Credit: Bartholomew Cooke/Trunk Archive

In 2011, six US economists tackled a question at the heart of education policy: how much does great teaching help children in the long run?

They started with the records of more than 11,500 Tennessee schoolchildren who, as part of an experiment in the 1980s, had been randomly assigned to high- and average-quality teachers between the ages of five and eight. Then they gauged the children's earnings as adults from federal tax returns filed in the 2000s. The analysis1 showed that the benefits of a good early education last for decades: each year of better teaching in childhood boosted an individual's annual earnings by some 3.5% on average. Other data showed the same individuals besting their peers on measures such as university attendance, retirement savings, marriage rates and home ownership.

LISTEN

Erika Check Hayden discusses the conflict between private data and research

The economists' work was widely hailed in education-policy circles, and US President Barack Obama cited it in his 2012 State of the Union address when he called for more investment in teacher training.

But for many social scientists, the most impressive thing was that the authors had been able to examine US federal tax returns: a closely guarded data set that was then available to researchers only with tight restrictions. This has made the study an emblem for both the challenges and the enormous potential power of 'administrative data' — information collected during routine provision of services, including tax returns, records of welfare benefits, data on visits to doctors and hospitals, and criminal records. Unlike Internet searches, social-media posts and the rest of the digital trails that people establish in their daily lives, administrative data cover entire populations with minimal self-selection effects: in the US census, for example, everyone sampled is required by law to respond and tell the truth.

This puts administrative data sets at the frontier of social science, says John Friedman, an economist at Brown University in Providence, Rhode Island, and one of the lead authors of the education study1. “They allow researchers to not just get at old questions in a new way,” he says, “but to come at problems that were completely impossible before.”

Probing the population

In the past few years, administrative data have been used to investigate issues ranging from the side effects of vaccines2 to the lasting impact of a child's neighbourhood on his or her ability to earn and prosper as an adult3. Proponents say that these rich information sources could greatly improve how governments measure the effectiveness of social programmes such as providing stipends to help families move to more resource-rich neighbourhoods.

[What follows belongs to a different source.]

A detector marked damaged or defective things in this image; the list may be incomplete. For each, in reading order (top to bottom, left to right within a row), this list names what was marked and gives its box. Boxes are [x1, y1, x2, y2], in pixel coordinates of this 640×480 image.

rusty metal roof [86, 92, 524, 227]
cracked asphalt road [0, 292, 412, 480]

But there is also concern that the rush to use these data could pose new threats to citizens' privacy. “The types of protections that we're used to thinking about have been based on the twin pillars of anonymity and informed consent, and neither of those hold in this new world,” says Julia Lane, an economist at New York University. In 2013, for instance, researchers showed that they could uncover the identities of supposedly anonymous participants in a genetic study simply by cross-referencing their data with publicly available genealogical information.

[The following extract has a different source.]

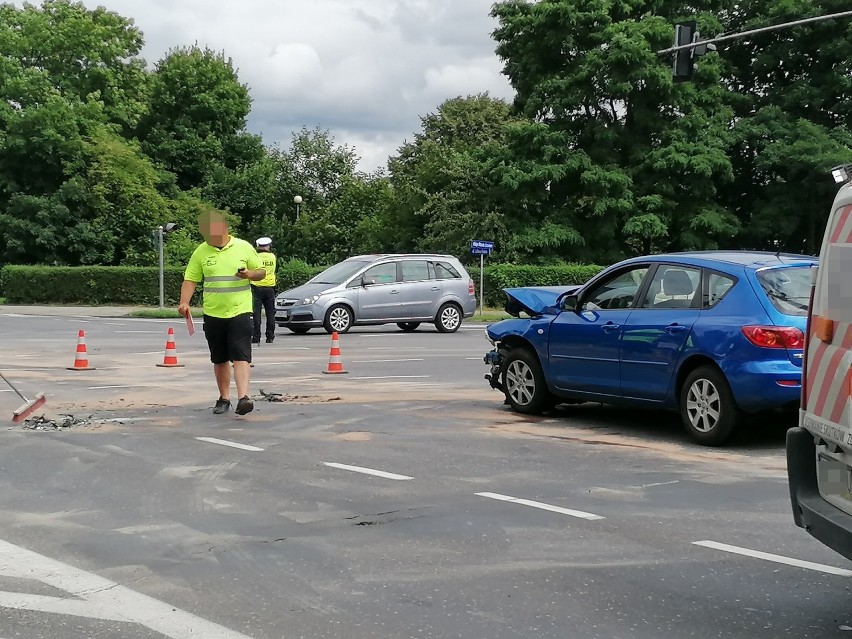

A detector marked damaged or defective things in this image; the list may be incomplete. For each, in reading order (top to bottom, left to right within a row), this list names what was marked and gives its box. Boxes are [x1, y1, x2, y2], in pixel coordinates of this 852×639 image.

crumpled hood [502, 286, 584, 316]
damaged blue car [482, 250, 816, 444]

Many people are looking for ways to address these concerns without inhibiting research. Suggested solutions include policy measures, such as an international code of conduct for data privacy, and technical methods that allow the use of the data while protecting privacy. Crucially, notes Lane, although preserving privacy sometimes complicates researchers' lives, it is necessary to uphold the public trust that makes the work possible.

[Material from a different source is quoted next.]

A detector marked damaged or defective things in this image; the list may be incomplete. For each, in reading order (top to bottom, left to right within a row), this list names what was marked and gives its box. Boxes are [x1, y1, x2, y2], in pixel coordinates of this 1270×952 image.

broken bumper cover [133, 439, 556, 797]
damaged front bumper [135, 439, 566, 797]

“Difficulty in access is a feature, not a bug,” she says. “It should be hard to get access to data, but it's very important that such access be made possible.”

It should be hard to get access to data, but it's very important that such access be made possible.

Many nations collect administrative data on a massive scale, but only a few, notably in northern Europe, have so far made it easy for researchers to use those data.

In Denmark, for instance, every newborn child is assigned a unique identification number that tracks his or her lifelong interactions with the country's free health-care system and almost every other government service. In 2002, researchers used data gathered through this identification system to retrospectively analyse the vaccination and health status of almost every child born in the country from 1991 to 1998 — 537,000 in all. At the time, it was the largest study ever to disprove2 the now-debunked link between measles vaccination and autism.

Other countries have begun to catch up. In 2012, for instance, Britain launched the unified UK Data Service to facilitate research access to data from the country's census and other surveys. A year later, the service added a new Administrative Data Research Network, which has centres in England, Scotland, Northern Ireland and Wales to provide secure environments for researchers to access anonymized administrative data.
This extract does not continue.